Cognitive changes in individuals with Down syndrome

On an average, individuals with Down syndrome (DS) on average account for approximately a third of cases of intellectual disability, and typically have lowered IQ scores in general, typically in the range of 30–70 which indicates moderate to mild impairment [1,2]. However, these changes are not uniform: full-scale IQ in individuals with DS can have a large range of scores, despite generally poorer performance on verbal and short-term memory components of these tests [3–8]. DS is often also comorbid with other disorders of executive function or attention such as attention-deficit disorder [6,7]. Adults with DS also often experience disorders of emotion such as depression [8–10], or anxiety disorders such as obsessive-compulsive disorder [11]. Individuals with DS typically have impaired episodic memory [12,13], with impairments in spatial memory of specific interest. Although this is typically assessed as deficits in spatial working memory using an object/location paradigm [14,15], there is evidence that DS is accompanied by poorer long-term spatial memory when allocentric navigation is involved [16]. This constellation of findings implicates impaired hippocampal function as the basis for memory disorder in DS.

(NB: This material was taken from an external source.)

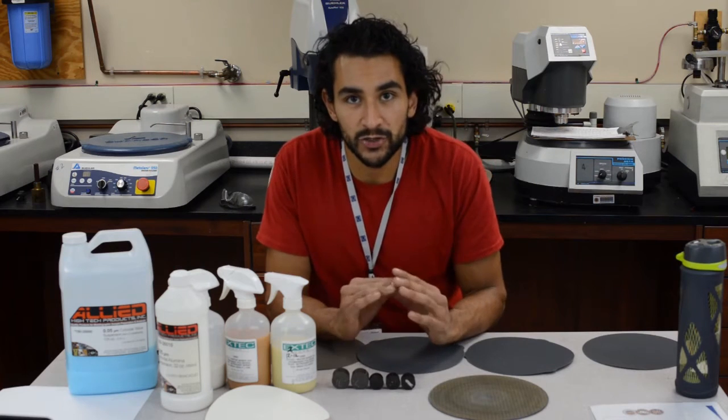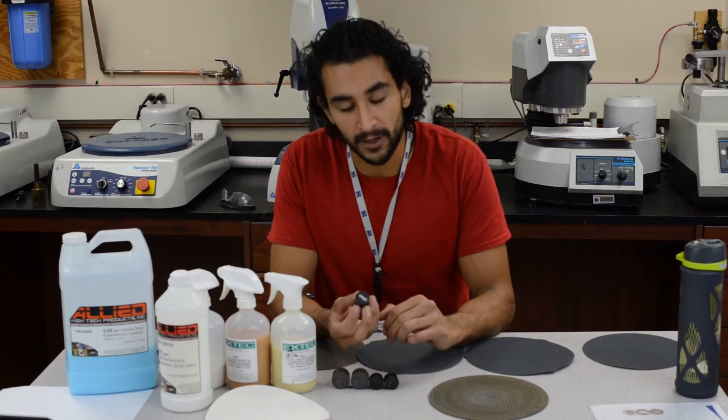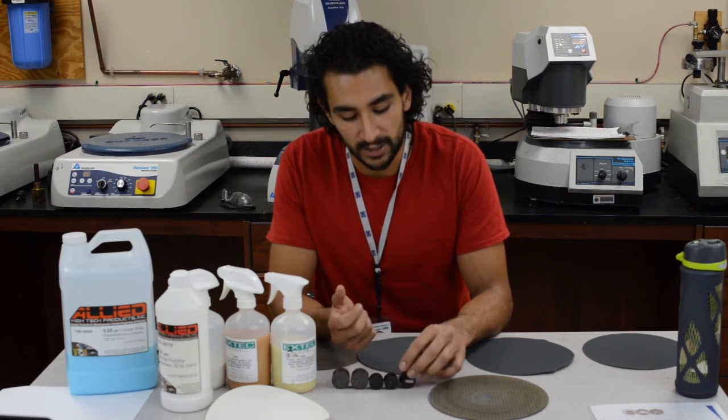They don't last very long. If you don't believe me, you can check this video out. But basically, you want to use them for about one minute and a half. Any longer than that, the pad has significantly lost its ability to remove material and is actually changing in a way that could damage your sample. So be aware of that. Now we're ready to start grinding and polishing on these samples, on the front faces of each one of these pucks to get the right cross-section that we need.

The hippocampal/medial entorhinal cortex circuit and its role in memory and learning

Decades of research have centred the hippocampus and medial entorhinal cortex (MEC) as the neural substrates enabling episodic and spatial memory [17–28]. The discovery of spatially tuned cells in the hippocampus – dubbed ‘place’ cells due to the spatial specificity of their firing [17] – and then of the grid [18], border, direction [19–21], and speed cells [20,21] within MEC led to the idea that these regions function as a cognitive ‘map’ of space. Lesion of the hippocampus tends to lead to more profound spatial memory deficits, while lesion of entorhinal cortex leads to more subtle changes in spatial memory, such as destabilising place cell activity [22]. Inactivation of the hippocampus with GABA agonists does not abolish both places’ cells activity and grid periodicity in the MEC [23], suggesting a strong reciprocal connection between these regions.

Phasic organisation of information flow in hippocampus and MEC is critical to their function

Local field potential (LFP) in the hippocampus is dominated by the large, regular, 5–12 Hz theta oscillation seen as an animal moves through space. Theta has been demonstrated to be fundamental to normal hippocampal functioning theta in the hippocampus is central to learning and memory. First noted by Winson in 1978; the abolition of theta within the hippocampus is correlated with impairments in spatial navigation [24]. Reduction in hippocampal theta was then rapidly shown to correlate to imapirments in many tasks requiring memory, from spatial alternation [25,26] and reversal [27] to operant tasks [28]. Optogenetic disruption of hippocampal theta while maintaining innervation from the medial septum to the hippocampus produces impairments in spatial performance [29] demonstrating the functional relevance of theta itself to learning and memory.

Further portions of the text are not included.